But I would add that the higher the resolution of the sensor, the more demanding it is of accurate focussing, and that an EVF, in future, will be absolutely vital for those wanting to exploit the potential of escalating pixel counts for larger prints or deeper crops. Especially with longer lenses or very wide apertures. For those that don't want these options, the choice not to buy the add-on EVF is simple and the cost saving in not paying for it 'in-camera' is obvious. In fact, the price of the new model is, by Leica standards, perfectly reasonable and probably round about what you would have expected from a model without the EVF feature.

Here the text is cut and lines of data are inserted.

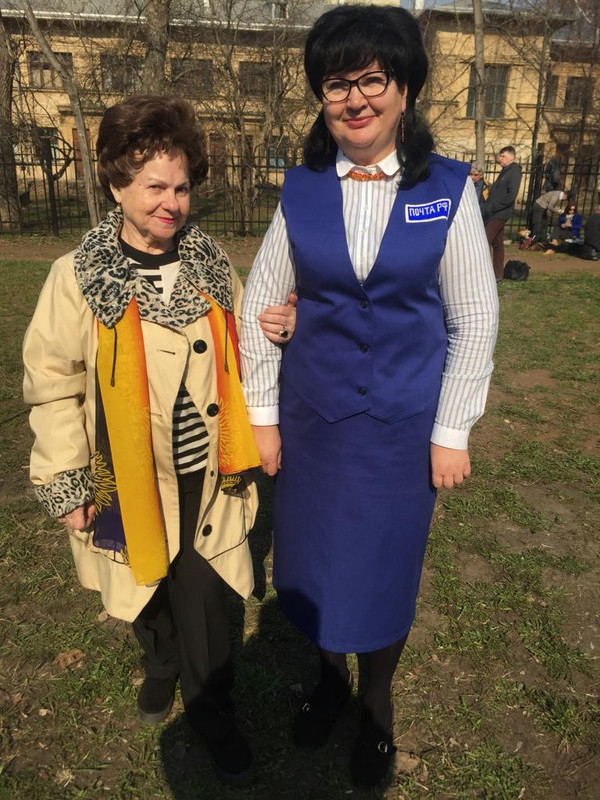 Апрельское тепло 2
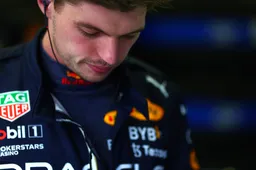 Verstappen: 'Ik dacht binnen een paar bochten dat mijn auto uit elkaar viel'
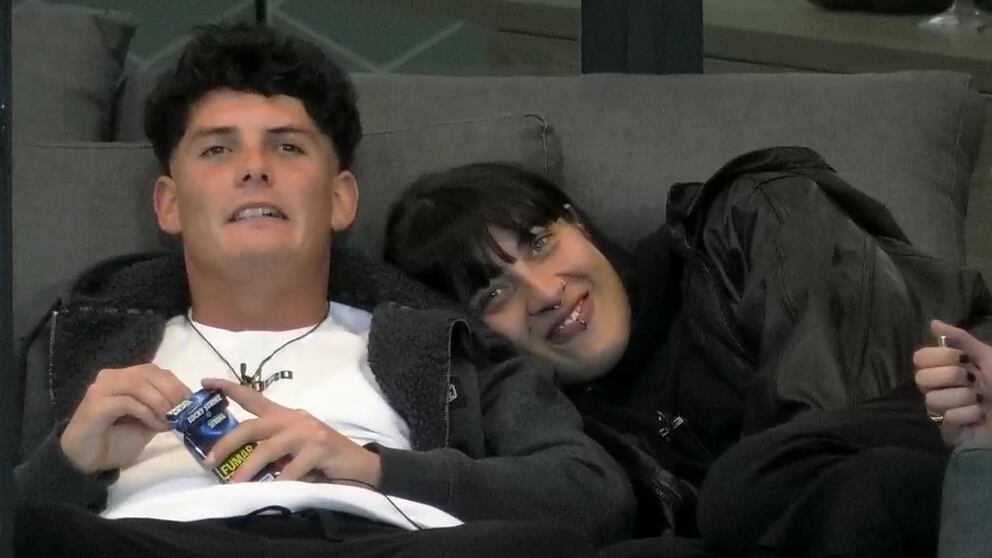 Íñigo López y Camila Power | Gran Hermano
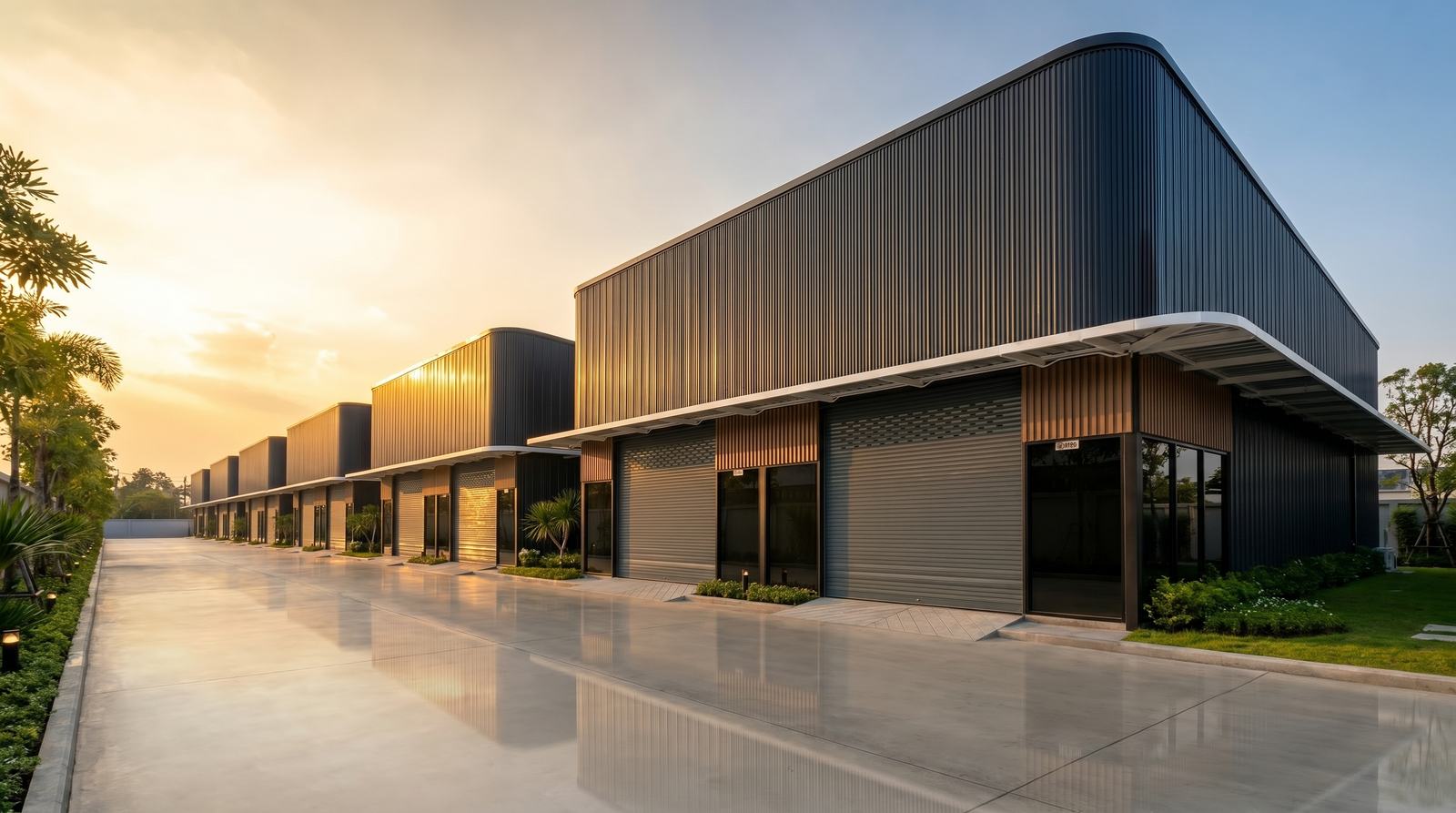 ภาพโครงการ Storix Warehouse พัฒนาการ 32/1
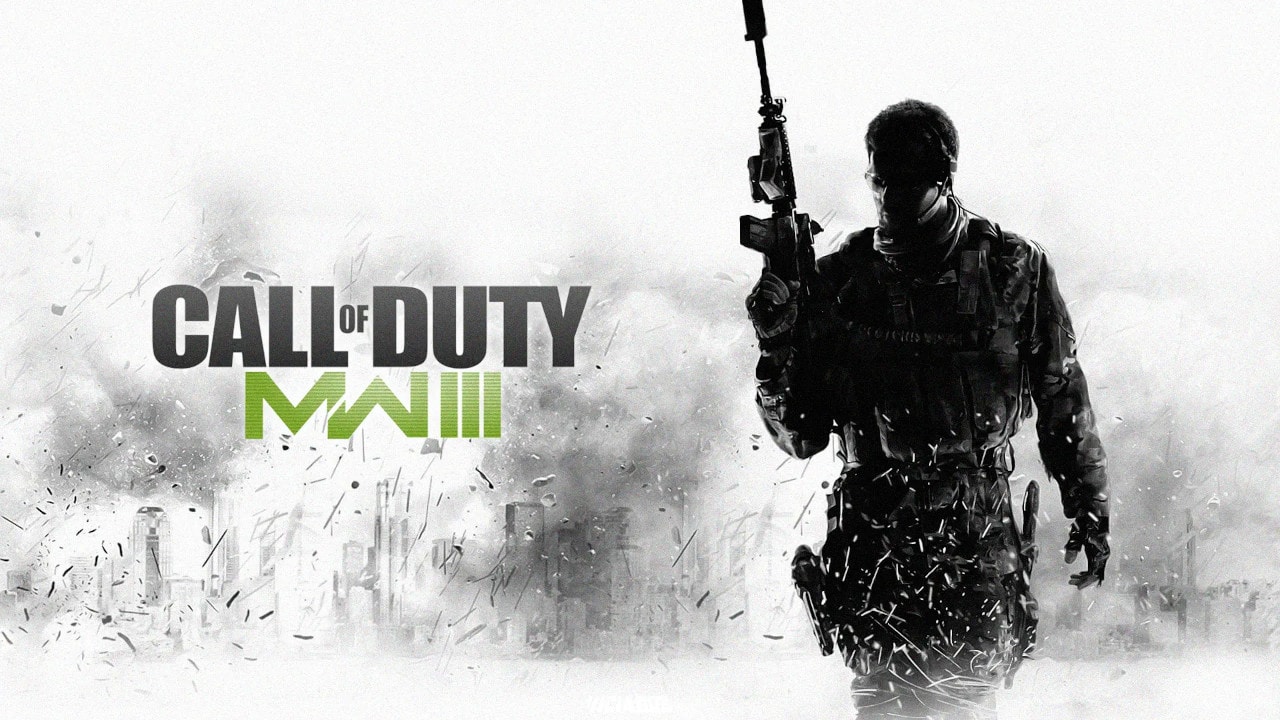 Call of Duty Modern Warfare 3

So everybody wins.
As for the rest of the spec, I personally would prefer it if the camera were the same weight and dimensions as the M9 but otherwise, I think it looks great. The partial weather sealing is welcome, the faster processor, bigger screen and Gorilla glass are no-brainers, and the continuing lack of an AA filter is as expected. None of that stuff really matters to me though. I've been shooting rangefinders since I was eight years old but for me, it's the EVF that counts.
The new M saves Leica from digital obscurity, and ensures the continuation of the greatest line of cameras ever made. It is Photokina's most important announcement* and I ordered one at 9 am this morning, which makes me first on the list at Leica UK.
Watch this space.
I have illustrated this article with a series of shots made with a Leica M8 in the weeks after it was first released. Leica linked to these images from their M product pages for years and though creatively I have moved on since they were made, to me they illustrate the look that I can get with Leica that I have so far failed to reproduce with any other system.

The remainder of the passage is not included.